In the last article, we established how to use Boolean algebra to form Boolean functions that represent our circuits – then we tried to make them! If you watched last week’s video, you might think to yourself, “We have to do all of that EVERY time?!”. If that were the case, I think even the most enthusiastic electronics hobbyist would throw up their wires. Thankfully, the wonderful thing about human beings is that we are all, to some extent, cheap and lazy – which is the root of all innovation.
Gate-level minimization is the task of trying to represent a circuit in a form that is easier to build and cheaper to make. How do we do this? We use K-maps.
The Map Method
We’ll explain this concept using the truth table from the last article:
The first thing we’ll do is make a map out of it so we can see all the areas that are shared by the 1s:
What we did is we placed the possible values for “a” along the columns:
Then we placed the possible values for “b” and “c” along the rows:
Then we placed the values from the truth table into the actual map area. For instance, an input of a = 0, b = 1, and c = 1 has a result of f = 0 in our truth table and therefore would be mapped accordingly:
Three important things to know:
Never change the order of your input variables. If your truth table has the inputs “abc”, then you map them in the k-map as “a\bc” not “a\cb” or “b\ca” because it will mess up your mapping and further calculations.
Always map the side with two input variables as “00,01,11,10” which may seem confusing because in binary, that means we’re saying “0,1,3,2” instead of “0,1,2,3” which would be “00,01,10,11”. The reason for this is that this sequence isn’t your average binary sequence. This is a gray code sequence where only one bit in the code group changes in going from one number to the next. All that means is that in this system, 3 comes before 2, and 7 comes before 6.
Another interesting feature about K-maps is that they wrap around themselves. You’ll see what I mean in the next few steps.
So now we have our 3-variable k-map. FYI, we never go beyond 4 variables when using the k-map method because it gets too complicated. That’s why we have computers to deal with gate level minimization problems for us. But it is important to know how to do it yourself if you ever want to make a computer do it for you in the future.
The next step is to find the areas where the 1s in the kmap are next to each other in groupings of 2^n:
You will notice that the pink group and the yellow group share a 1 that is in position 110 (minterm 6). That is fine because you can overlap 1s as long as you’re introducing a new 1 in your grouping each time, otherwise, it becomes redundant.

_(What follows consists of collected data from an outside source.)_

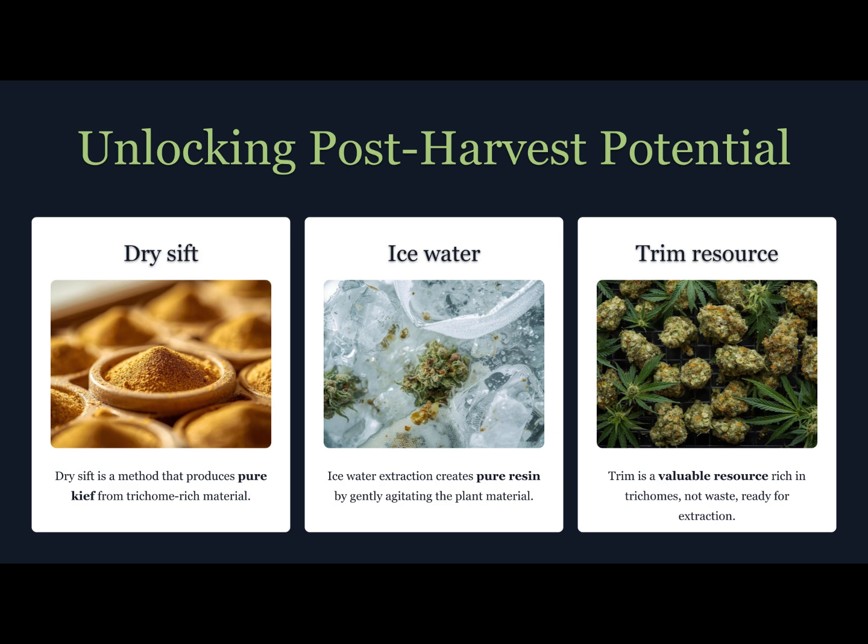Here's where things get really fun. Once you've isolated trichomes, you're holding concentrated plant essence — that means endless possibilities. Concentrates: press your kief into resin for solventless extracts. Edibles: infuse trichomes into butter, coconut oil, or tinctures for precise dosing. Topicals: blend resin into balms or lotions for localized relief — no psychoactive effects, just therapeutic benefits. If you're into experimentation, isolated trichomes can even be used to explore strain-specific flavor profiles or blended into new concentrates that highlight terpene diversity.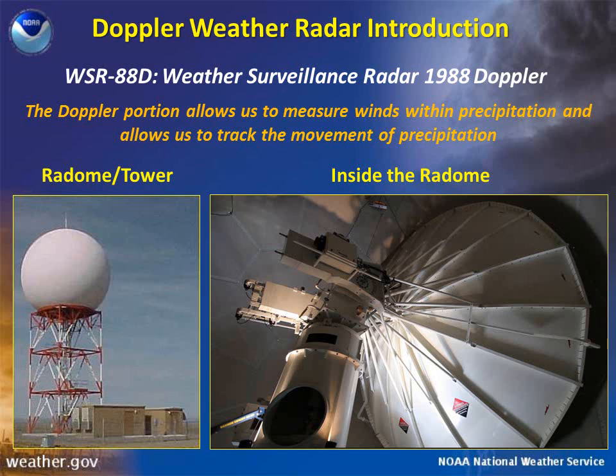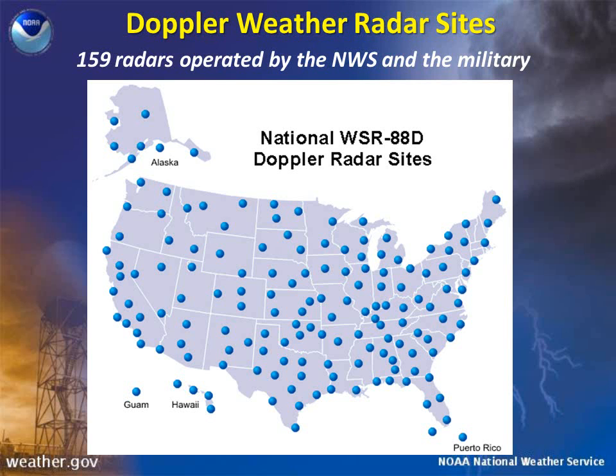Our radar in Billings sits atop the rims west of Logan International Airport. The Billings Doppler radar is one of 159 such weather radars operated by the National Weather Service and the military across the United States and some of its territories. This map shows locations of national Doppler radar sites. Note that there are only a few radars across Montana, Wyoming, and the western Dakotas.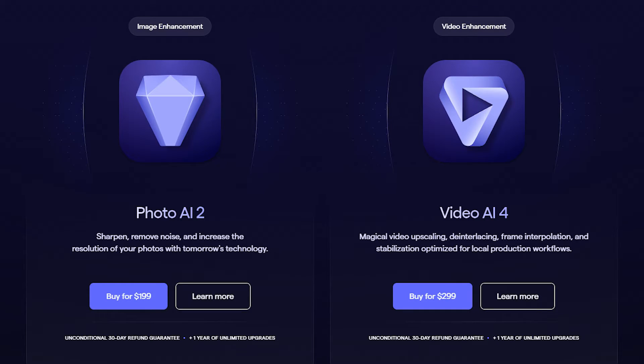When it comes to pricing, it's a one-time payment of $299, which includes two seats compatible with both Mac and Windows.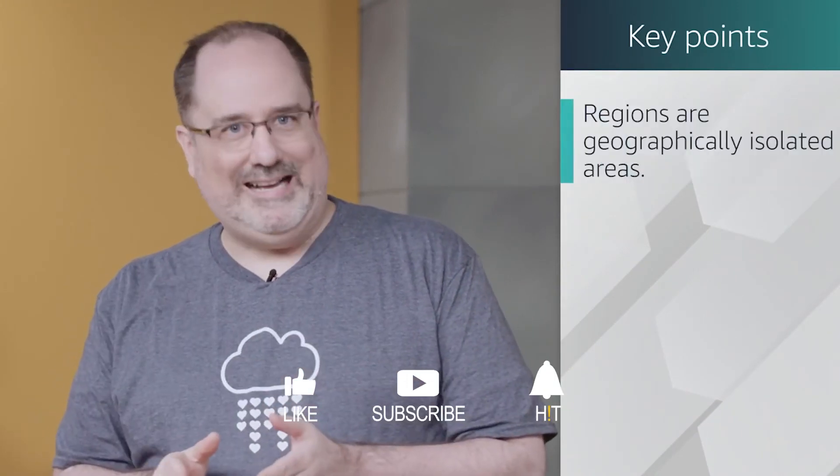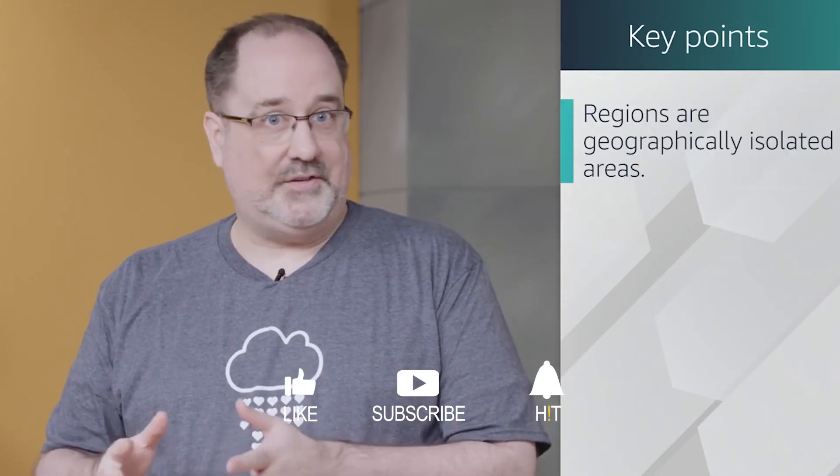There is so much more that we can say about our AWS Global Infrastructure, but let's keep it simple and stop here. So here are the key points. Number one: regions are geographically isolated areas where you can access services needed to run your enterprise.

Now we can prepare a sum of products form of the equation:
F1: A’B’C’ + AB’C’
Simplified F1: (A’+A)(B’C) = B’C’
F2: A’BC’ + ABC’
Simplified F1: (A+A’)(BC’) = BC’
F3: ABC + ABC’
Simplified F3: (C+C’)(AB) = AB
The solution: F = B’C’ + BC’ + AB
Now, while this gives a simpler form of the equation, we can go further. Consider the K-Map to be something that wraps around itself from left to right and up and down. This means that if there is a 1 in every corner, that can be its own grouping.

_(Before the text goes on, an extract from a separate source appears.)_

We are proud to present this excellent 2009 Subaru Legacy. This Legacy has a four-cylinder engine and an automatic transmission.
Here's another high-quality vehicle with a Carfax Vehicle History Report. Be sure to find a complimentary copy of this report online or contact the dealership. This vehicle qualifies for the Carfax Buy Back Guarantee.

When we have a 3-variable k-map, the largest possible grouping is 8 minterms, which gives us a function equal to 1. Then, the second largest grouping is 4 minterms, simplifying to a grouping of one variable. Then two minterms produce a term with 2 variables and 1 minterm produces a term with 3 variables. The groupings must be of the form 2 to the power of something with the max of that something being the number of variables introduced in the k-map.
With that being said, it is necessary to always find the largest groupings in a K-map to find the simplest boolean function.
Therefore, we will try this again:
Now, let’s simplify using the K-map the correct way, which is to group as many 1s together as possible.
F1: A’B’C’ + AB’C’ + A’BC’ + ABC’
Simplified F1: C’ (Please reach out if you’d like steps on how we got here)
F2: ABC + ABC’
Simplified F2: (C+C’)(AB) = AB
The solution: F = AB + C’
As you can see, when we find the largest areas with connecting minterms (product of variables resulting in 1), we can find the simplest Boolean expression for a given truth table.
Now, let’s build the circuit for this function:
Now that we have the simplest function mapped out in a circuit diagram, we can get to building it in real life!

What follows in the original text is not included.